Documentation, Informaiton & Knowledge ›› 2025, Vol. 42 ›› Issue (1): 89-100.doi: 10.13366/j.dik.2025.01.089

• Academic Focus (2) : Reasonable Use of Training Data for Generative Artificial Intelligence • Previous Articles     Next Articles

Legal Responses of Copyright Law to Generative Artificial Intelligence Training Data: Solutions to Copyright Compliance

DAI Wenyi, XIAO Dongmei   

  1. School of Intellectual Property, Xiangtan University, Xiangtan, 411105
  • Online:2025-01-10 Published:2025-03-19
  • Contact: Correspondence should be addressed to XIAO Dongmei, Email: 86650210@qq.com, ORCID:0000-0001-7611-2058
  • Supported by:
    This is an outcome of the Major Project "Research on Modernization of Industrial Intellectual Property Risk Governance under the Overall National Security Concept"(21&ZD204)supported by National Social Science Foundation of China.

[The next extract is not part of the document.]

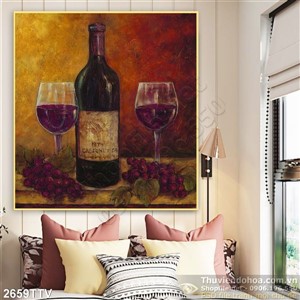 Tranh tĩnh vật hoa quả sơn dầu độc đáo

Abstract: [Purpose/Significance] The copyright risks of generative artificial intelligence(AI)training data have currently drawn widespread attention. It is necessary to propose a copyright compliance scheme based on an in-depth analysis of specific risks to provide guidance for relevant obligated subjects. [Design/Methodology] Based on China's copyright-related system, following the judgment process of "whether it falls within the scope of copyright control - whether it constitutes fair use", this paper analyzes the usage behaviors and copyright risks across the stages of data input, model training and content output. [Findings/Conclusion] The finding indicates that there is no risk of copyright infringement during the model training stage. However, the data input stage carries risks related to infringement of the right of reproduction. During the content output stage, there are risks of infringement of the rights of reproduction, adaptation, integrity protection, information network dissemination and broadcasting. Therefore, the service providers who also act as model trainers must develop copyright compliance schemes for both works in the public domain and within the copyright protection period. Pure service providers need to prevent the continuation of risks during the model development stage and ensure copyright compliance during the service provision stage. [Originality/Value] This paper analyzes the copyright risks of associated with generative artificial intelligence training data in detail, and proposes some solutions for ensuring copyright compliance, providing copyright compliance guidance for enterprises and institutions to carry out model training and deliver external service activities.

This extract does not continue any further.